# Part 1

In [1]:
import pandas as pd
import numpy as np
from tqdm import tqdm
import networkx as nx
from collections import Counter
import random
import time
import math
from datetime import *
from tabulate import tabulate
import matplotlib as mpl
import matplotlib.pyplot as plt

The idea we pursued to create the graph is the following:
export the data to pandas dataframes, work on the dataframes and then exploit the built in function of networkx to convert the dataframe into a graph.

In [80]:
#read the files and convert to pandas dataframe
a_q=pd.read_csv('a2q',sep=' ', names=['u','v','t'])  #answers to questions
c_a=pd.read_csv('c2a',sep=' ', names=['u','v','t'])  #comments to answers
c_q=pd.read_csv('c2q',sep=' ', names=['u','v','t'])  #comments to questions

In [81]:
#check they are laoded correctly
print(a_q.shape,c_a.shape,c_q.shape)

(17823525, 3) (25405374, 3) (20268151, 3)


In [82]:
#add type column to dataframes
a_q['type'] = 'a_q'
c_a['type'] = 'c_a'
c_q['type'] = 'c_q'

#add weights column initial value of 1
a_q['weight'] = 1.
c_a['weight'] = 1.
c_q['weight'] = 1.

#sort by time
a_q=a_q.sort_values('t')
c_a=c_a.sort_values('t')
c_q=c_q.sort_values('t')

In [83]:
def time_maxmin(data,min,max): #Retrieve maximum and minimum timestamps of a given dataframe
    m = data['t'].min()
    M = data['t'].max()
    if m < min:
        min = m 
    if M > max:
        max = M
    return min, max

In [84]:
def date_to_timestamp(s): #convert date in format '04 March, 2009' to timestamp
    d = datetime.strptime(s, "%d %B, %Y")
    d = datetime.timestamp(d)
    return d

In [85]:
def timestamp_to_date(timestamp): #convert timestamp to date
    d = datetime.fromtimestamp(timestamp)
    d = d.strftime("%d %B, %Y")
    return d

In [98]:
def create_graph(data1,time_window,self_loops=0): #given a pd dataframe clean values that are not in time interval and return a graph
    #remove rows with u=v if we don't want self loops
    if self_loops == 0: 
        data1 = data1[data1['u'] != data1['v']]
    
    #remove rows not having time 't' in given time interval
    data1 = data1[data1['t'].between(time_window[0], time_window[1])]
    
    #assign weight --> 1 for every edge ,+1 every time u,v (interact)
    #also remove multiple links bewtween 2 nodes and leave one that has weight 1+#interactions between the nodes
    D = data1[['u','v']]
    D = D[D.duplicated(keep=False)]
    D = D.groupby(list(D)).apply(lambda x: tuple(x.index)).tolist()
    for d in D:
        ind = list(d)
        val = len(ind)
        drop = ind[:-1]
        data1.at[ind[-1], 'weight'] = 1./float(val)
        #print(1./float(val))
        data1 = data1.drop(index = drop)
    
    #convert the dataframe into a multi directed graph with attributes of edges being: last time of interaction, type of interaction and weight of interaction
    G = nx.from_pandas_edgelist(data1, 'u', 'v', ['t', 'type', 'weight'], create_using = nx.MultiDiGraph())
    return G

In [99]:
print(m, M)

1217567877 1457273428


In [100]:
#here we get maximum and minimum timestamps of the whole data
m = 10**(10)
M = 0
m, M = time_maxmin(a_q, m, M)
m, M = time_maxmin(c_a, m, M)
m, M = time_maxmin(c_q, m, M)
print(timestamp_to_date(m)+'; '+ timestamp_to_date(M))

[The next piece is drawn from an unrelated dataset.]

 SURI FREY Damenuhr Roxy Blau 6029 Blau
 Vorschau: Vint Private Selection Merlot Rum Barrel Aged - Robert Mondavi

01 August, 2008; 06 March, 2016


In [None]:
#obviously choose a time window that's inside (m,M)
time_window = ('04 March, 2009', '12 March, 2009')
time_window=(date_to_timestamp(time_window[0]),date_to_timestamp(time_window[1]))
#and create the graphs out of the 3 dataframes
A = create_graph(a_q, time_window)
B = create_graph(c_a, time_window)
C = create_graph(c_q, time_window)

In [None]:
#merge the graphs
G = nx.compose_all([A, B, C])

In [None]:
def drop_edges(G,time_window):#drop edges in the graph that are not in the given time interval
    to_drop=[]
    time_window=(date_to_timestamp(time_window[0]),date_to_timestamp(time_window[1]))
    
    for u,v,att in G.edges(data=True):
        if not time_window[0] <= att['t'] <= time_window[1]:
            to_drop.append((u, v))
    [G.remove_edge(u,v) for (u,v) in to_drop]
    return G

# Part 2

## 2.1

In [None]:
def get_feats(G): #Get requested features for given graph
    feats=[] 
    
    n_interactions = 0
    dir_list = []
    users=[]
    
    for u,v,attr in (G.edges(data=True)):
        if (G.has_edge(v,u)) and (n_interactions<=len(A.edges(data=True))/2) : #condition to check if graph is directed or not
            dir_list.append(abs(attr['weight']-G.get_edge_data(v, u)[0]['weight']))
        
        if u not in users: users.append(u) #update the users list
        if v not in users: users.append(v)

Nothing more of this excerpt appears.